My scream snags in my throat. Soundless.
I stumble back a step, heart pounding, vision spinning.
The sunlight, the sweetness, the laughter of moments ago—gone.
And with it, the fragile illusion I’ve let myself believe. That this house, that this man, could ever belong only to me.
Nikolai
Graham is almost unrecognizable now. His face is a swollen, bloodied mask. Eyes puffed shut, lips split wide enough to show broken teeth. He wheezes wetly when Maxim slams a fist into his ribs again. The sound is sharp in the concrete quiet of the guest house.
“Wake up,” Maxim taunts, shaking out his blood-slicked hand and grinning like a devil. His knuckles are already split and raw, but he doesn’t care. My cousin never does. If anything, the pain sharpens him. He steps back just long enough to pace. Restless energy comes off him like sparks. “Come on, Graham. Don’t pass out yet. You’ll ruin the fun.”
Maxim doesn’t have mercy in him. He was born without it. And it alarms me sometimes how much he enjoys this—how his blood runs hotter the more another man cries. I used to be the same, I wonder grimly. Before Zara. Before her light bled into my edges and taught me restraint.
I crouch near Graham’s sagging head, tilting it up so he has no choice but to breathe against me. His stench is rot and blood. “Confess,” I mutter darkly. “Admit to what you’ve done. Youknow even if Zara wasn’t the first girl, she wouldn’t have been the last. So speak it.”
He just shakes, lips bleeding, throat rattling. His silence condemns him, but to me it isn’t enough.
“Why the fuck does it matter?” Maxim snaps, grabbing Graham by the hair and slamming him back against the concrete wall. His tone is amused, impatient. “He touched your woman. That’s all I need. He dies. End of story. Who cares about anyone else this piece of shit ruined?”

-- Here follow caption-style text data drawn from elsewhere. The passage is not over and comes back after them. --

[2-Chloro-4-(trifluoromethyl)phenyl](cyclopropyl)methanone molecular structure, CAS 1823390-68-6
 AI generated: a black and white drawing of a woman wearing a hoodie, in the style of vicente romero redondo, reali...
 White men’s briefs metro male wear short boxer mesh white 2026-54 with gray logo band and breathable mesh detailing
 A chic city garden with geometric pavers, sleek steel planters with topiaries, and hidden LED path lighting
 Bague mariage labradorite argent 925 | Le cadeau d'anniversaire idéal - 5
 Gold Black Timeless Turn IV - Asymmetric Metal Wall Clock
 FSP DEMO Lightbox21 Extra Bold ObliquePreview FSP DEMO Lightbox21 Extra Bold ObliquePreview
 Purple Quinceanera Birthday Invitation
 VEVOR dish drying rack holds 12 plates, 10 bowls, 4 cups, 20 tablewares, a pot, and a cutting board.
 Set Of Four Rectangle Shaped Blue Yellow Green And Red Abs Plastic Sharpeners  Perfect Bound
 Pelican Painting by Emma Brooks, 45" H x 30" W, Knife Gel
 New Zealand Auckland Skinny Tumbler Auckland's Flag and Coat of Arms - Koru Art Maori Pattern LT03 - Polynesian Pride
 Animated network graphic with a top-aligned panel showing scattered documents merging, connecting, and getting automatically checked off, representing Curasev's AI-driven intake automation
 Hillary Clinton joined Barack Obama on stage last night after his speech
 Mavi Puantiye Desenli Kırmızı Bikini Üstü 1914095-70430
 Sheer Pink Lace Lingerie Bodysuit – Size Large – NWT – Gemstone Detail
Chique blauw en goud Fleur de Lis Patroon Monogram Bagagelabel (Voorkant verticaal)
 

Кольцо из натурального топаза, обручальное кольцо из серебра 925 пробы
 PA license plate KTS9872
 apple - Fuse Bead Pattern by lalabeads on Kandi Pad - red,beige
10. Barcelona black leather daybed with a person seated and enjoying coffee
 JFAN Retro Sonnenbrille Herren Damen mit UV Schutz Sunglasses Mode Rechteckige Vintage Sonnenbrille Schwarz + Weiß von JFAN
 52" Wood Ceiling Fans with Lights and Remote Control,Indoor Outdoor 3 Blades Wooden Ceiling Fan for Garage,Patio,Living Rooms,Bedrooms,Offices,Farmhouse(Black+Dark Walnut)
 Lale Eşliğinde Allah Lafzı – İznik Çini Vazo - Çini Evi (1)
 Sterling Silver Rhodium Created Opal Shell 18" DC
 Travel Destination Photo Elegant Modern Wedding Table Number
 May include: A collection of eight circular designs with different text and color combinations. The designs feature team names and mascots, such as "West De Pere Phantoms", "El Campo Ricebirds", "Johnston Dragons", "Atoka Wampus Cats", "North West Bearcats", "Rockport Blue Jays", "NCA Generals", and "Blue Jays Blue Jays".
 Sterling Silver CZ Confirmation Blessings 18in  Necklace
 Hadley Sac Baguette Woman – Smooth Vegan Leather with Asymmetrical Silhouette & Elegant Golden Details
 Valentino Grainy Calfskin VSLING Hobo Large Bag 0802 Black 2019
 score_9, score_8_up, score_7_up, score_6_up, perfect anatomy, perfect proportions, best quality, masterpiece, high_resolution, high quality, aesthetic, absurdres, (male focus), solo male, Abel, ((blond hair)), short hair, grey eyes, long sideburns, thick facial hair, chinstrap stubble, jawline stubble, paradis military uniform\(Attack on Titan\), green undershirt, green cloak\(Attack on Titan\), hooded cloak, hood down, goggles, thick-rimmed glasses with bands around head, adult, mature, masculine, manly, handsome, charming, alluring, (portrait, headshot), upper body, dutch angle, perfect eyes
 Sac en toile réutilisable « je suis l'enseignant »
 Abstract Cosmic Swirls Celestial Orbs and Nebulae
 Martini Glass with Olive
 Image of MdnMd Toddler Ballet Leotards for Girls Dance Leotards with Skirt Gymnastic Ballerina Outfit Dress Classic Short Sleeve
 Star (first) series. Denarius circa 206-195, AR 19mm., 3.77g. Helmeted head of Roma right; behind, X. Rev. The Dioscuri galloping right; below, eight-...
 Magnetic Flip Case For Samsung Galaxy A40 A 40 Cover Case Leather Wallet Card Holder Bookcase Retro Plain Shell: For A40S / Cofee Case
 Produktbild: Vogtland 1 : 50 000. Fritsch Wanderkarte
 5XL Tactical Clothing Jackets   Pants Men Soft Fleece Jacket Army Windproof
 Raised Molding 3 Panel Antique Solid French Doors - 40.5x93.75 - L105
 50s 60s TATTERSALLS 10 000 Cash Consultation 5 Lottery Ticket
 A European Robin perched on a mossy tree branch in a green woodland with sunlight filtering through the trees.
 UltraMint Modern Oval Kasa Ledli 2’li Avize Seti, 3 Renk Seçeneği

“Zara will,” I answer tightly. My jaw is hard. “If she ever finds out. If she ever sees the blood. I’ll have to prove to her that it was justified. That’s the difference.”
Maxim barks a laugh, low and jagged. “If it were my woman? She wouldn’t get explanations. She’d accept it. Or she wouldn’t. Either way, I wouldn’t give a fuck. Mercy isn’t in my blood, cousin.”
“You’ll feel differently when you have a woman worth losing,” I tell him, measured. “Ask Dimitri.”